Think about it. Have you ever felt that you’ve lost your mind? If so, you probably found it again eventually. I lose mine about once a week, but generally seem to find it again in short order. Sometimes I find it under a car seat, sometimes in the sofa cushions, and once in awhile it’s been carried off by one of my children or one of the house dogs and left abandoned somewhere in a pile of video games or chew toys. Oh, well.
But it’s worse to lose a moment. When you lose that moment, you’ve lost it forever. You won’t even find its remains in the lint trap of the dryer. Believe me: I’ve looked.
If only we’d realize how precious our moments are! More precious than gold are these small opportunities to influence our futures or the futures of others, whether we’re talking about a spouse, our children, our friends and neighbors, our co-workers, or even strangers. These “small opportunities” that we could be seizing daily to brighten a day, lighten a load or offer help in giving direction to someone adrift in life may make all the difference in determining the destiny of another human being.
But so often we choose instead to spend those moments counting minutes until coffee break, hours until we’re off work, days until the weekend, months until vacation, years until we find that job that will really let us spread our wings, and decades until retirement. Meanwhile, our moments slip away like children who’ve written with crayon on the wall. Too bad. For every moment we lose, we lose an opportunity, a “might-have-been” and a dream is diminished.
On the other hand, if we’ve already heeded such counsel and just downloaded the newest scheduling app, we could be susceptible to the lie that we have to keep busy just to keep busy. Frankly, doing something for the sake of merely doing something is just as bad as not doing anything at all.
“What” we do is as important as “how much” we do. It is right that we find things in which to invest our time and energy. But as we start finding things to do, we need to ask the question, “Is this where I want to leave my legacy?”
Instead of fretting excessively over exactly what mutual fund or stock option to buy into, we must begin to invest our moments in areas that ultimately matter (sorry to everyone who confuses the “afterlife” with a generous retirement fund).
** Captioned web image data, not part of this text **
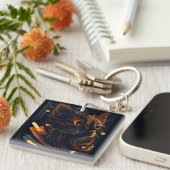 子猫アクリルのキーチェーン キーホルダー (正面右)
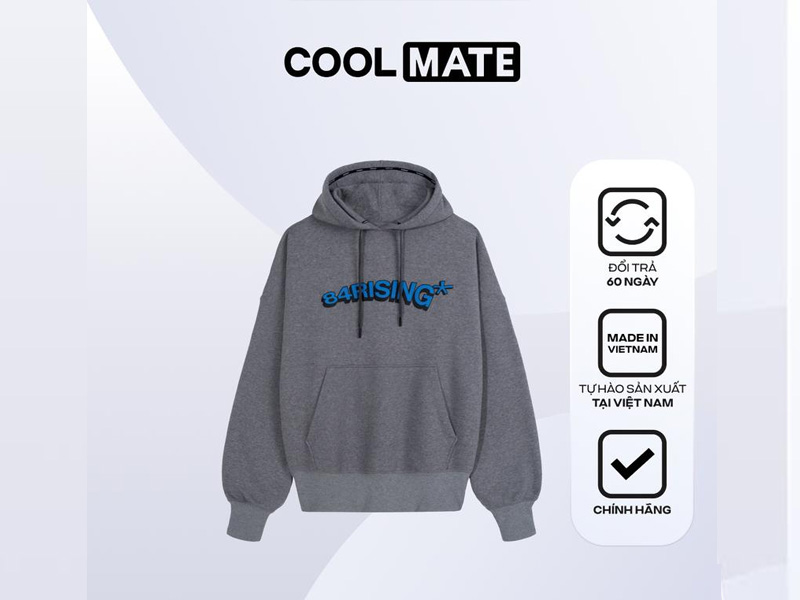 Áo hoodie nam Coolmate 84Rising oversize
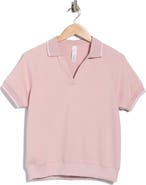 YOGALICIOUS Luvie Pique Polo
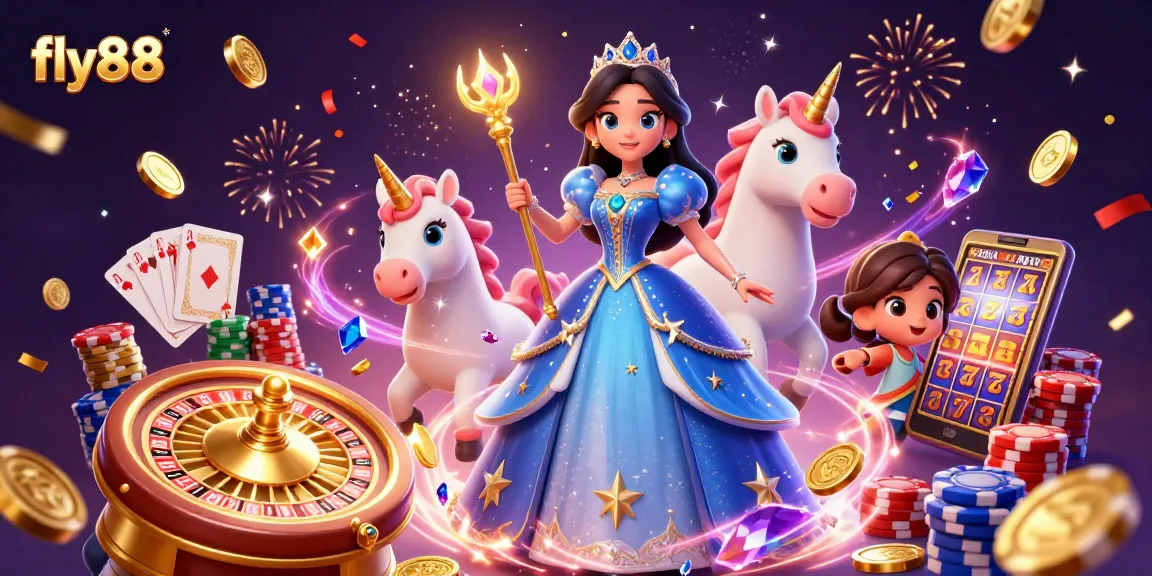 Spin the reels for big wins with fly88 in a vibrant casino world.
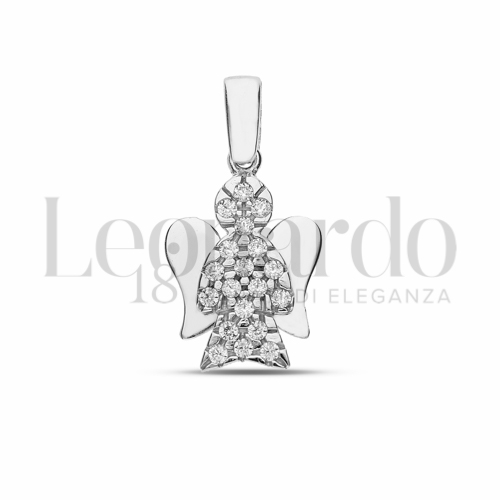 1° Misura con Zircone bianco in Oro Bianco da 1,2gr.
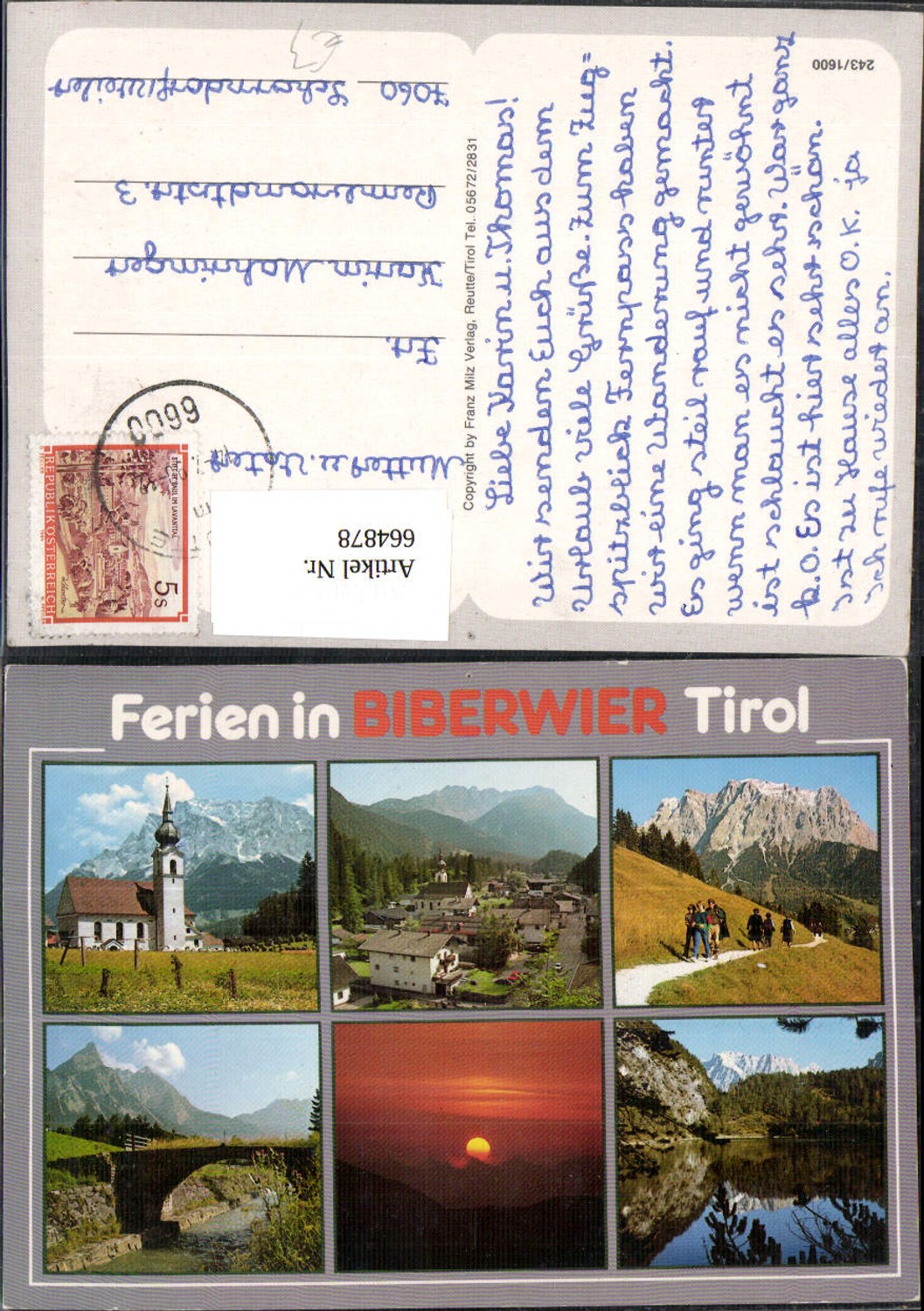 Alte Ansichtskarte – Old Postcard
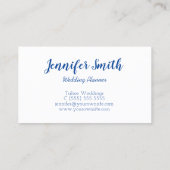 Blue Lake Tahoe Heart Foto Visitekaartje (Achterkant)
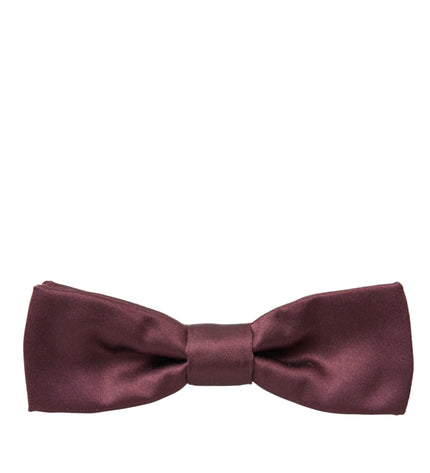 Dolce & Gabbana Brown Silk Adjustable Neck Men Bow Tie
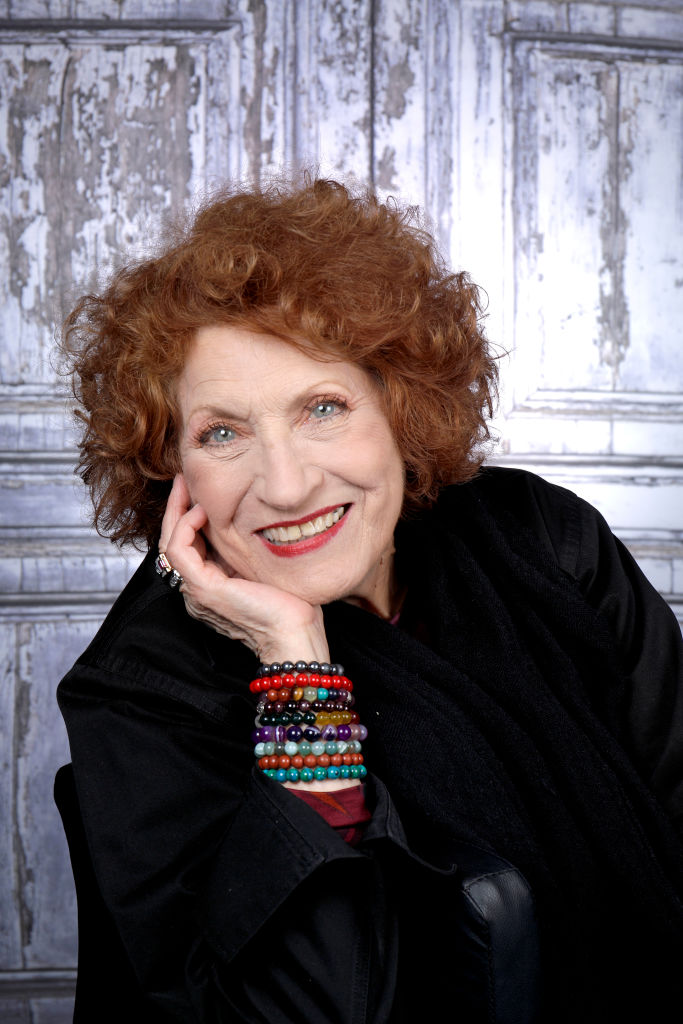L'actrice Andrea Ferreol pose lors d'une séance photo à Paris, en France, le 24/05/2023 I Source : Getty Images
First, consider your own spiritual life. Is it what it should be? Or are you “putting off” those things until a more expedient time? This is a terribly dangerous attitude for we often find that we don’t have all the tomorrows we had counted on. If there are unresolved spiritual issues in your life that need to be addressed, be wise and deal with them now.
Secondly, let’s invest in other people, particularly others who are in need. Look for folks in valleys of fear, loneliness, hunger or pain. Take a moment, consider its worth, and then plant it in the fertile soil of human need. It will bear fruit.
The Bible says in Ephesians 5:15-17, “Look carefully then how you walk, not as unwise but as wise, making the best use of the time, because the days are evil. Therefore do not be foolish, but understand what the will of the Lord is.”
As the future opens its blank pages to the pen of your choices, be careful what you write.